- Given data
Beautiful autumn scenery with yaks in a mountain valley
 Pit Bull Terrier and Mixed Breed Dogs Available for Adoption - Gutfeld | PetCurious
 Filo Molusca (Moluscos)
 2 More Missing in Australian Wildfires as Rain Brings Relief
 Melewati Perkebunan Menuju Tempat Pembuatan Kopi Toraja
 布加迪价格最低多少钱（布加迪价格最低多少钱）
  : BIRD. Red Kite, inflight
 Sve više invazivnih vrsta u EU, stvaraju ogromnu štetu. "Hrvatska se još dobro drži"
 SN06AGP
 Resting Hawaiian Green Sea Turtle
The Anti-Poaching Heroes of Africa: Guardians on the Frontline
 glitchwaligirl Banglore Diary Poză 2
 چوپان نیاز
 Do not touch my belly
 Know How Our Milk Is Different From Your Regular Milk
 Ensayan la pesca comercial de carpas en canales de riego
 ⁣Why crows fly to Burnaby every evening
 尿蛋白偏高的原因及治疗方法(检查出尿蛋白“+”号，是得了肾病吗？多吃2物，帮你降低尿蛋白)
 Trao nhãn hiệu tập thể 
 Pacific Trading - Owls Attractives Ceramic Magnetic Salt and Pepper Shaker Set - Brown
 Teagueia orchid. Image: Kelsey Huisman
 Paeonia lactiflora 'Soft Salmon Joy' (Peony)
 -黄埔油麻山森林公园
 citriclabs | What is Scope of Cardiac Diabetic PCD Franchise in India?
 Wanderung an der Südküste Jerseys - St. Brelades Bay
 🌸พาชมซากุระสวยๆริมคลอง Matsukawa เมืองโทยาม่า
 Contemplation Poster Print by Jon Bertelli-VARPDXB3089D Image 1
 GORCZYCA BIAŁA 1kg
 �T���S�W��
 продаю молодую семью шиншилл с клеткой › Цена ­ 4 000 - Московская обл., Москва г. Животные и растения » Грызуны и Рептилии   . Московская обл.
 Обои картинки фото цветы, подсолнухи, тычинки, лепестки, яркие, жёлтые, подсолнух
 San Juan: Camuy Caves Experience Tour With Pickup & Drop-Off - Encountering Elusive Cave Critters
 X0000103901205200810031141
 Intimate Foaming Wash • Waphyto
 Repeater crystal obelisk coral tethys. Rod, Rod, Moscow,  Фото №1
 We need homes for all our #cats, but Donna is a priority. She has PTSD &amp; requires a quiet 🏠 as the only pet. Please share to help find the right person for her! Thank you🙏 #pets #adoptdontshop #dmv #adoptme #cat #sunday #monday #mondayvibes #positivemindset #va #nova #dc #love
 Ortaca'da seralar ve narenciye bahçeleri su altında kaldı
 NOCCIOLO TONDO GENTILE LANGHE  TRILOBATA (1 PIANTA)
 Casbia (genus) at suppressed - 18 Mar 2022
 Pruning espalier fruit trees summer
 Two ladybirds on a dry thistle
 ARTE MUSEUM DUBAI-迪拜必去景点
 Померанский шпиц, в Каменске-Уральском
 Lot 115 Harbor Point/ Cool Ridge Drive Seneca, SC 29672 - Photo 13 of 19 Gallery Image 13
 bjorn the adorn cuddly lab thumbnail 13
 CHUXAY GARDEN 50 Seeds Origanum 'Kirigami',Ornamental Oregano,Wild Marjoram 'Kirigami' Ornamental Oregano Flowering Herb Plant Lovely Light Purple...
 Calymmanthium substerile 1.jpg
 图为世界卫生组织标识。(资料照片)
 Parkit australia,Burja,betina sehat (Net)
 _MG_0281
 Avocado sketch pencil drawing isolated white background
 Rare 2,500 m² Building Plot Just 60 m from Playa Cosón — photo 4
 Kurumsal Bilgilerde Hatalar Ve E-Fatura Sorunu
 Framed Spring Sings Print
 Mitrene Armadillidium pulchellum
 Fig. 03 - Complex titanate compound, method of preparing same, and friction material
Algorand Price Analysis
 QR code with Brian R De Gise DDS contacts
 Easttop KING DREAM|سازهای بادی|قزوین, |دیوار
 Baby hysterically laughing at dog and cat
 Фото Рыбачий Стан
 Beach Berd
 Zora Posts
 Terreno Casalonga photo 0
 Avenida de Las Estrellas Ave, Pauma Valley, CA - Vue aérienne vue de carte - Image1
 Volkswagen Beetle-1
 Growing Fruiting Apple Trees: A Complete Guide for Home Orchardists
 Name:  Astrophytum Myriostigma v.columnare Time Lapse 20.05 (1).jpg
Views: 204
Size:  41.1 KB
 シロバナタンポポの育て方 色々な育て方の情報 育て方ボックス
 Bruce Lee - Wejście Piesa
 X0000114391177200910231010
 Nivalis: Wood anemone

- Action item
An exact copy of the lines from the one containing "Avocado sketch pencil" through the last line of the material, both included, is to be printed, and nothing else.

- Exercise output
 Avocado sketch pencil drawing isolated white background
 Rare 2,500 m² Building Plot Just 60 m from Playa Cosón — photo 4
 Kurumsal Bilgilerde Hatalar Ve E-Fatura Sorunu
 Framed Spring Sings Print
 Mitrene Armadillidium pulchellum
 Fig. 03 - Complex titanate compound, method of preparing same, and friction material
Algorand Price Analysis
 QR code with Brian R De Gise DDS contacts
 Easttop KING DREAM|سازهای بادی|قزوین, |دیوار
 Baby hysterically laughing at dog and cat
 Фото Рыбачий Стан
 Beach Berd
 Zora Posts
 Terreno Casalonga photo 0
 Avenida de Las Estrellas Ave, Pauma Valley, CA - Vue aérienne vue de carte - Image1
 Volkswagen Beetle-1
 Growing Fruiting Apple Trees: A Complete Guide for Home Orchardists
 Name:  Astrophytum Myriostigma v.columnare Time Lapse 20.05 (1).jpg
Views: 204
Size:  41.1 KB
 シロバナタンポポの育て方 色々な育て方の情報 育て方ボックス
 Bruce Lee - Wejście Piesa
 X0000114391177200910231010
 Nivalis: Wood anemone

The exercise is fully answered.